(PROBLEM REQUIREMENTS): With the pictures omitted, set down exactly the lines from the one that contains "Henry James: The" through the last line of the data.

---+---

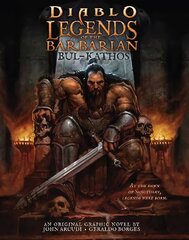 Diablo: Legends of the Barbarian Bul-Kathos kaina ir informacija | Fantastinės, mistinės knygos | pigu.lt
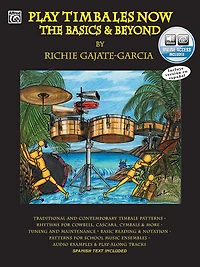 Play Timbales Now: The Basics & Beyond (Spanish, English Language Edition), Book & Online Audio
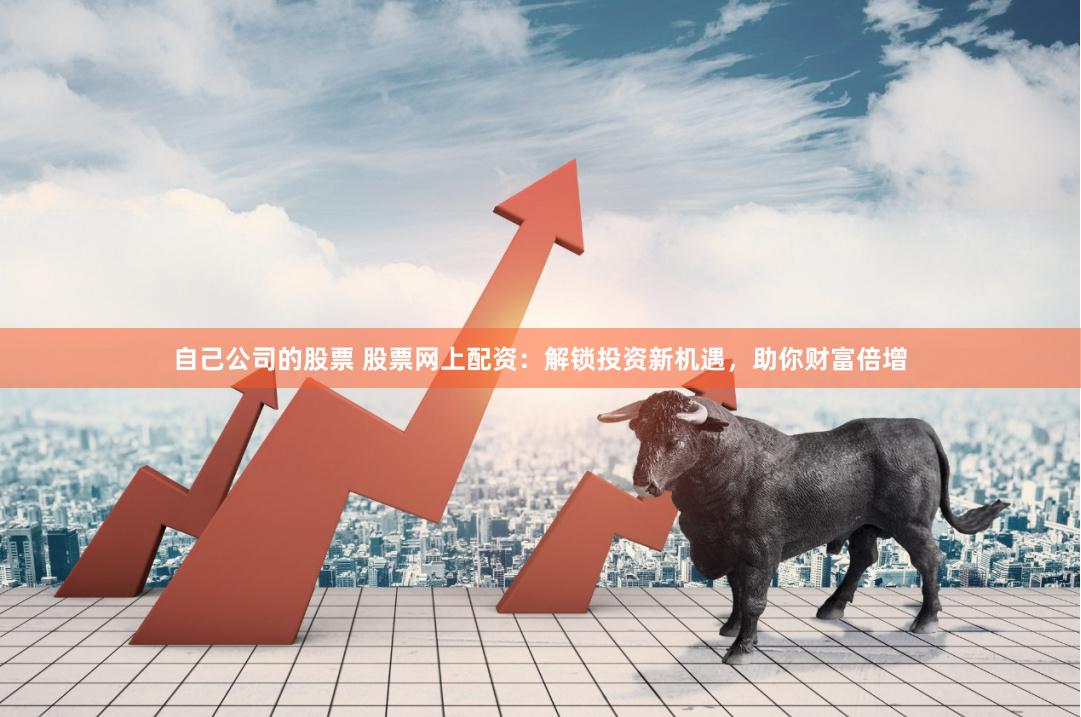 自己公司的股票 股票网上配资：解锁投资新机遇，助你财富倍增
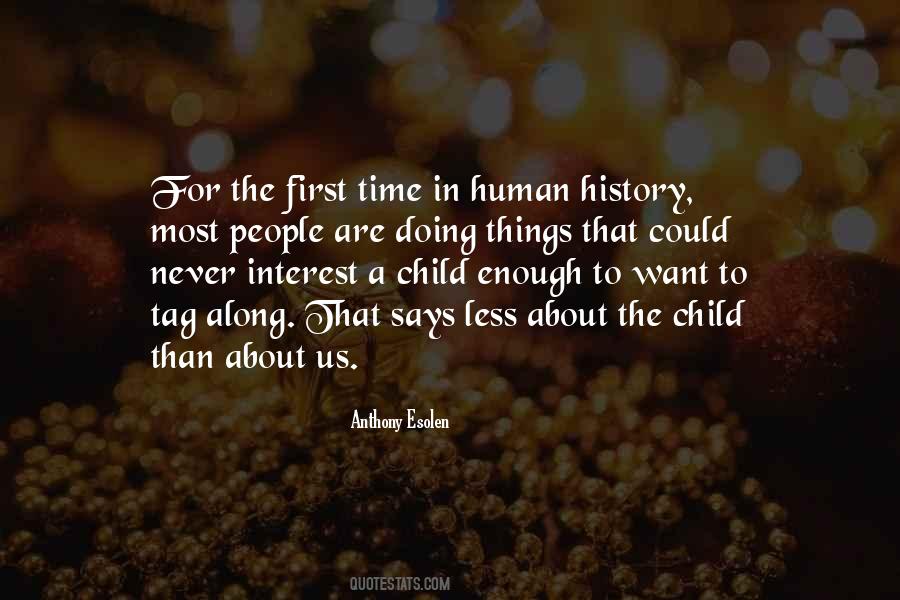 Human History Quotes #1173569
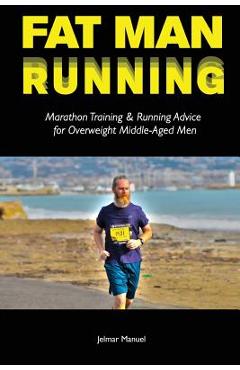 Coperta cărții 'Fat Man Running: Marathon Training & Running Advice for Overweight Middle-Aged Men - Jelmar Manuel'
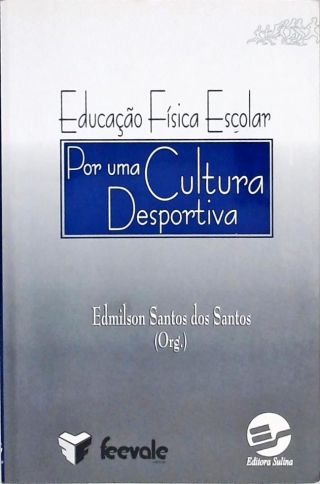 Educação Física Escolar - Por Uma Cultura Desportiva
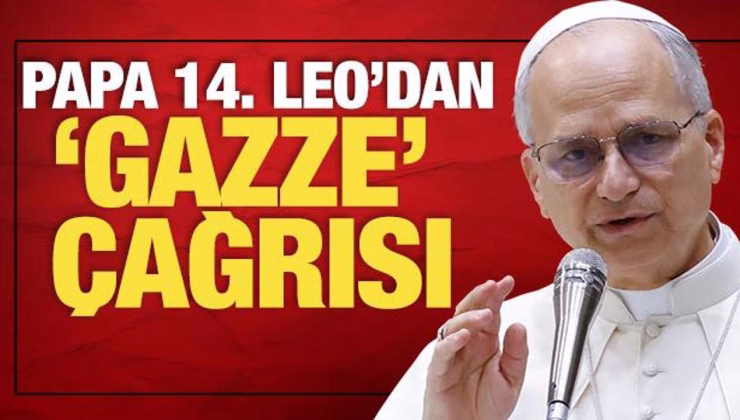 Papa 14. Leo’dan ‘Gazze’ çağrısı!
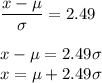 \displaystyle\frac{x-\mu}{\sigma} = 2.49\\\\x - \mu = 2.49\sigma\\x = \mu + 2.49\sigma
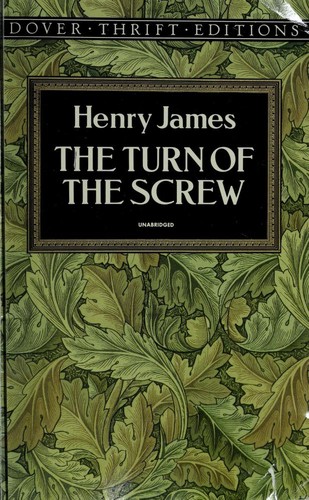 Henry James: The turn of the screw (1991, Dover Publications)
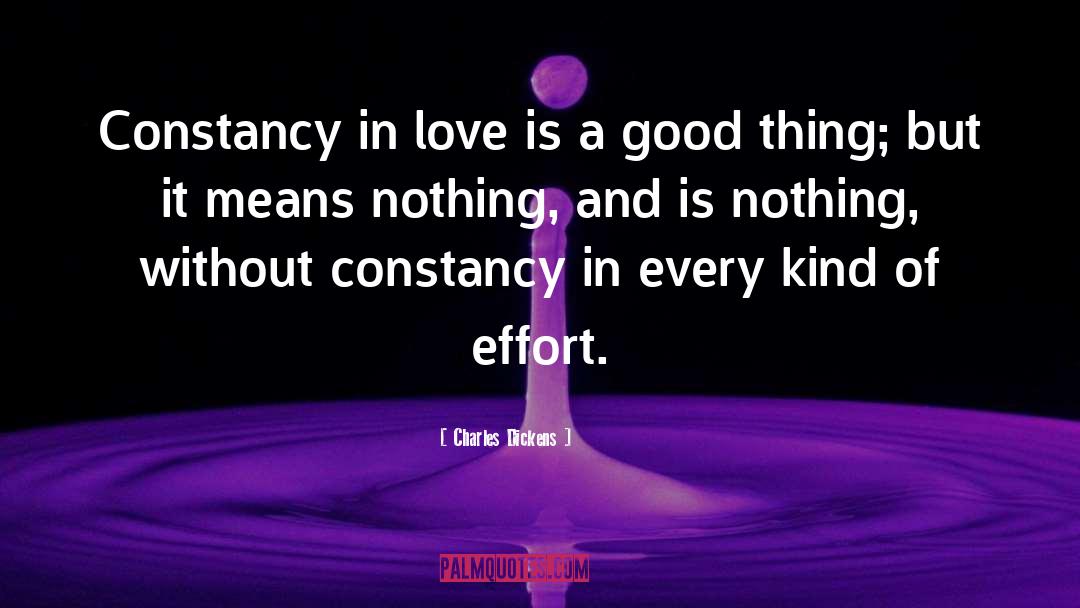 Constancy quotes by Charles Dickens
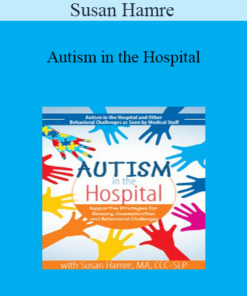 Susan Hamre - Autism in the Hospital: Supportive Strategies for Sensory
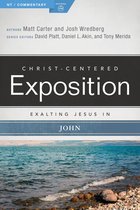 Christ-Centered Exposition Commentary - Exalting Jesus in John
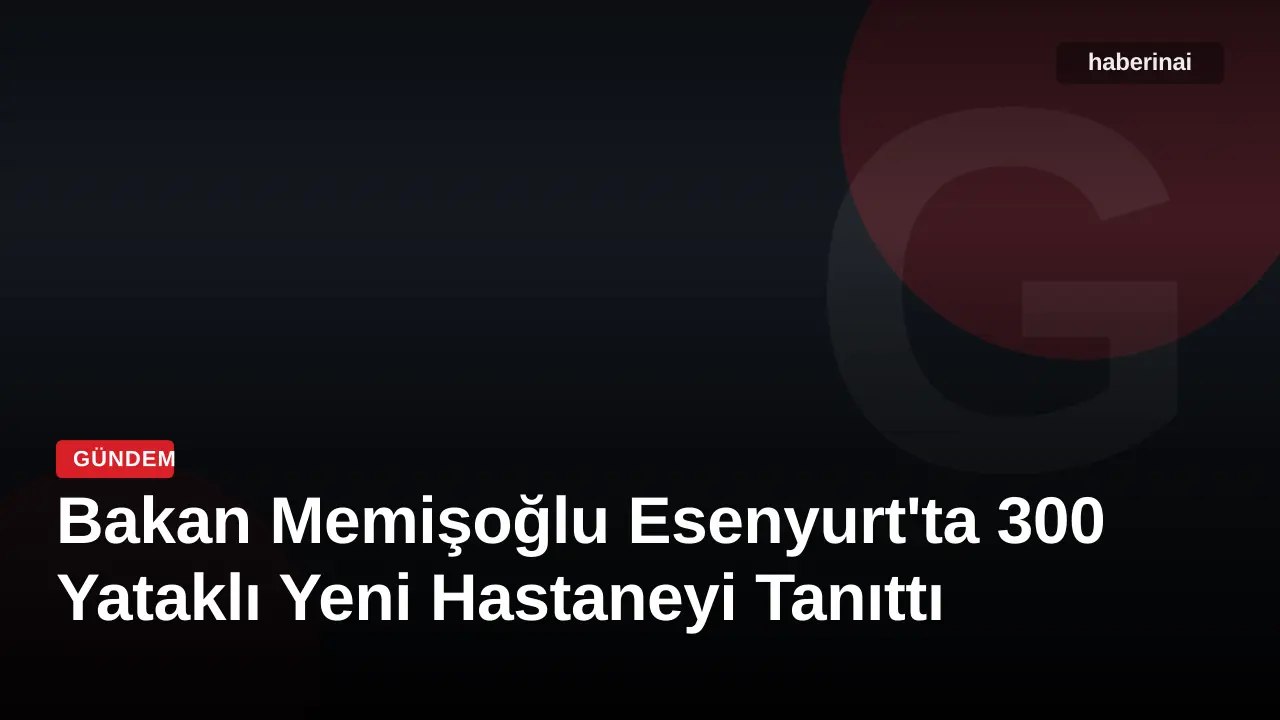 Bakan Memişoğlu Esenyurt'ta 300 Yataklı Yeni Hastaneyi Tanıttı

---+---

(WRITTEN ANSWER):
 Henry James: The turn of the screw (1991, Dover Publications)
 Constancy quotes by Charles Dickens
 Susan Hamre - Autism in the Hospital: Supportive Strategies for Sensory
 Christ-Centered Exposition Commentary - Exalting Jesus in John
 Bakan Memişoğlu Esenyurt'ta 300 Yataklı Yeni Hastaneyi Tanıttı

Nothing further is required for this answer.